Money Matters: Page 2 of 3

Does an RE System Make Economic Sense?
Beginner

Inside this Article

Step E:

Calculate the output of the system over its expected lifespan—typically 20-plus years for a wind system and 30-plus years for a PV or solar hot water system. Multiply the lifespan by the kWh figure used to calculate Step B.

5,000 kWh/year x 30 years = 150,000 kWh

Method 1: Cost of Energy Comparison

One of the simplest ways to analyze a renewable energy system’s economic performance is to compare the cost of energy produced by the system to the cost of electricity from the local utility.

Step 1:

Estimate the cost of RE-generated energy in kilowatt-hours (for solar- or wind-electric systems) or in therms (for solar hot water systems) by dividing the total cost of the system by the total output.

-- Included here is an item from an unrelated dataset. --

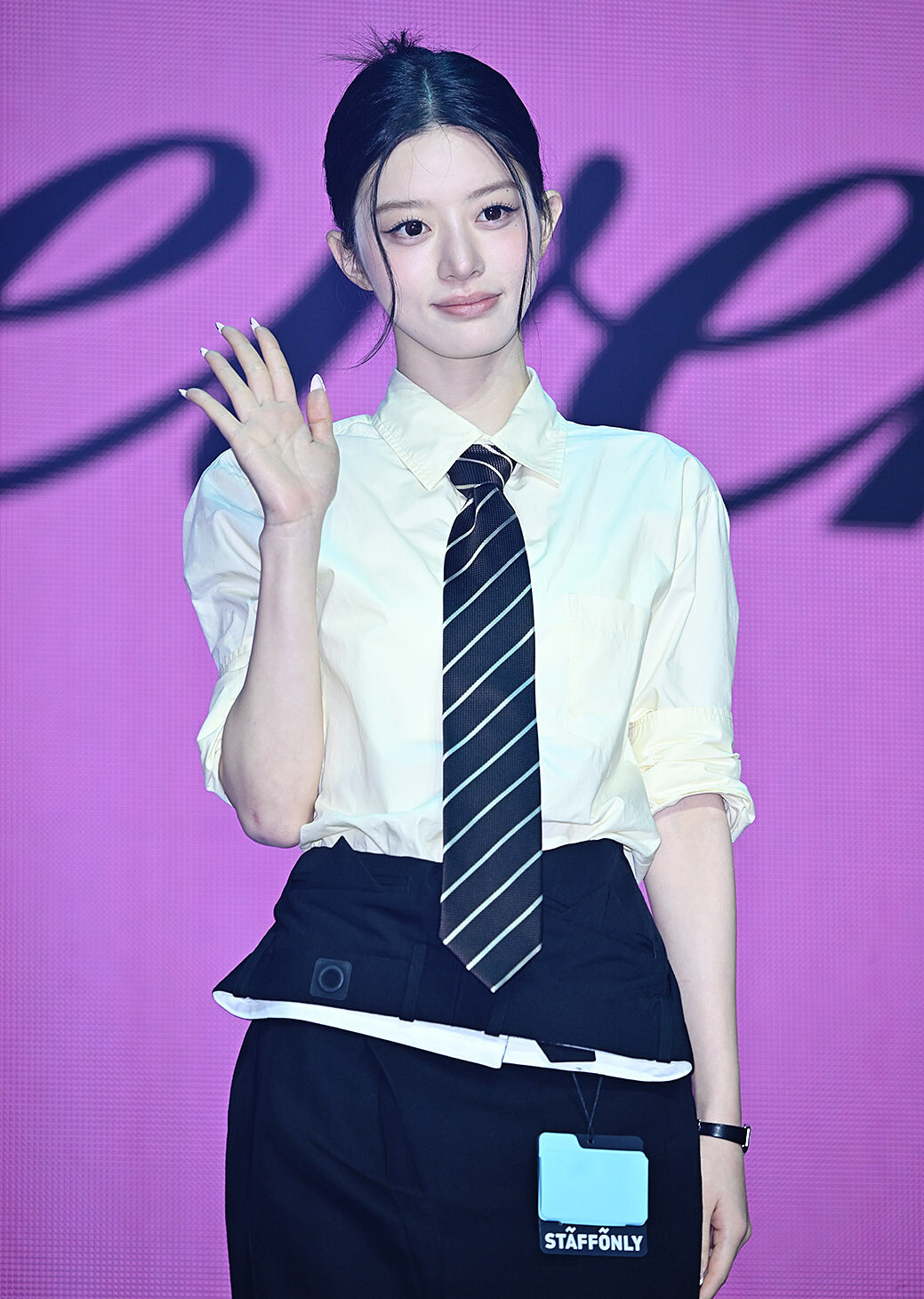 ‘체포하겠어’ 아일릿(ILLIT) 민주(MINJU), ‘STAFF ONLY’ 사원증 건 단정한 ‘흑화’…셔츠·타이로 완성한 ‘출근 요원’ 룩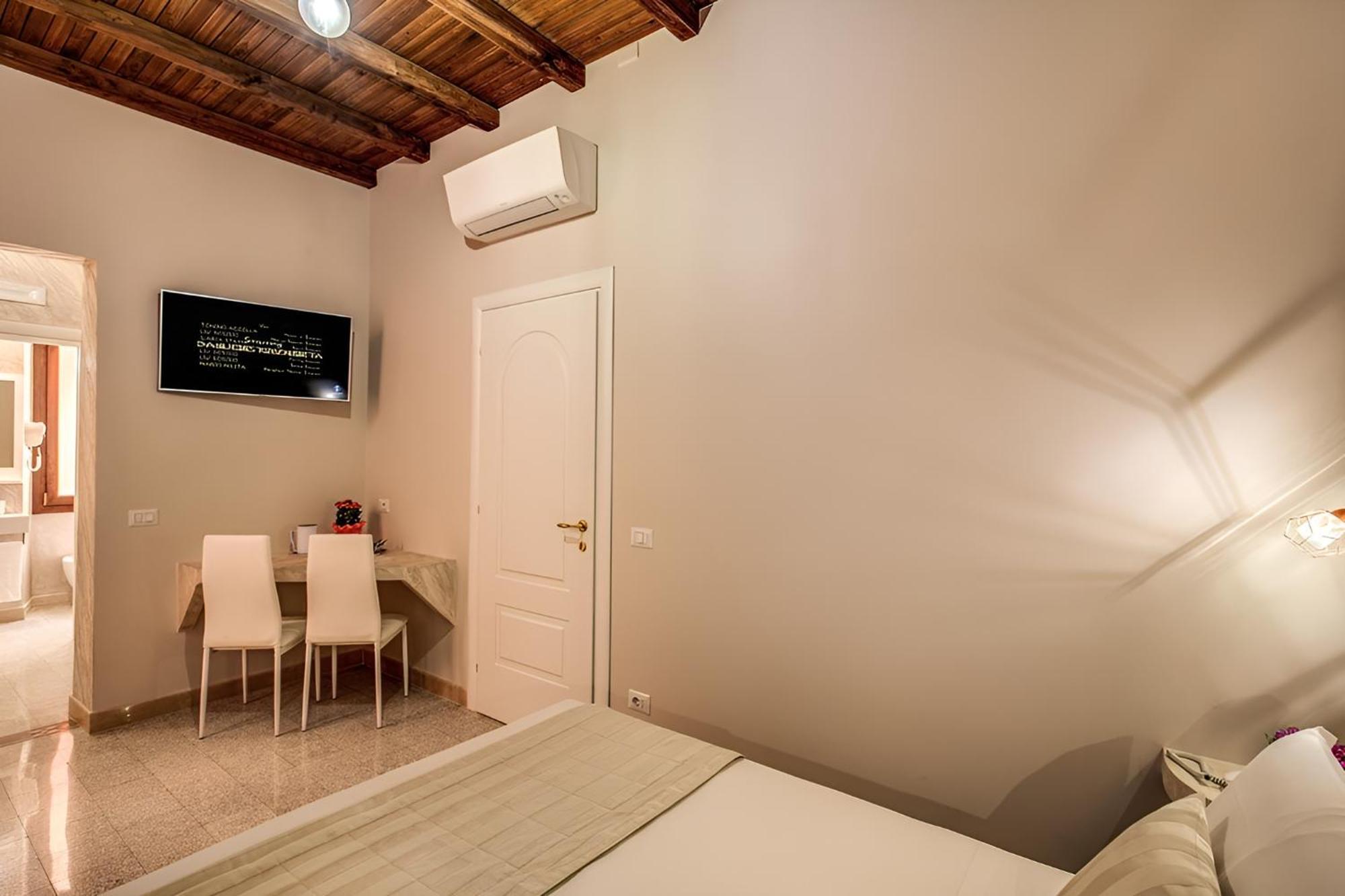 Colosseo Accomodation Room Guest House Rome Extérieur photo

From Step E, we know that our example system will produce about 150,000 kWh over its lifetime. To calculate the cost per kilowatt-hour, divide the system cost ($10,710) by the output (150,000 kWh). In this case, your electricity will cost about 7 cents per kWh.

Step 2:

Compare the cost-per-unit energy generated by the system over its lifetime to the cost of energy from the local utility.

Considering that the going electric rate in Colorado is currently about 9.5 cents per kWh (including all fees and taxes), the PV system is a decent investment.

Variables

The cost-of-electricity comparison does not take into account a few key economic factors, such as interest on any money borrowed to purchase the PV system, which increases the per kilowatt-hour cost of PV-produced electricity. For those who purchase without borrowing, this economic analysis does not factor in lost opportunity value (i.e., lost potential income from interest the money could have been earning).

On the other side of the ledger, this analysis does not factor in the rising cost of electricity. Nationwide, electricity rates have increased an average of 4.4% per year over the past 35 years—twice that rate in some parts of the country. It’s a fairly safe assumption that the rising cost of utility electricity will offset the interest paid for a loan or interest lost from the outright purchase of a system.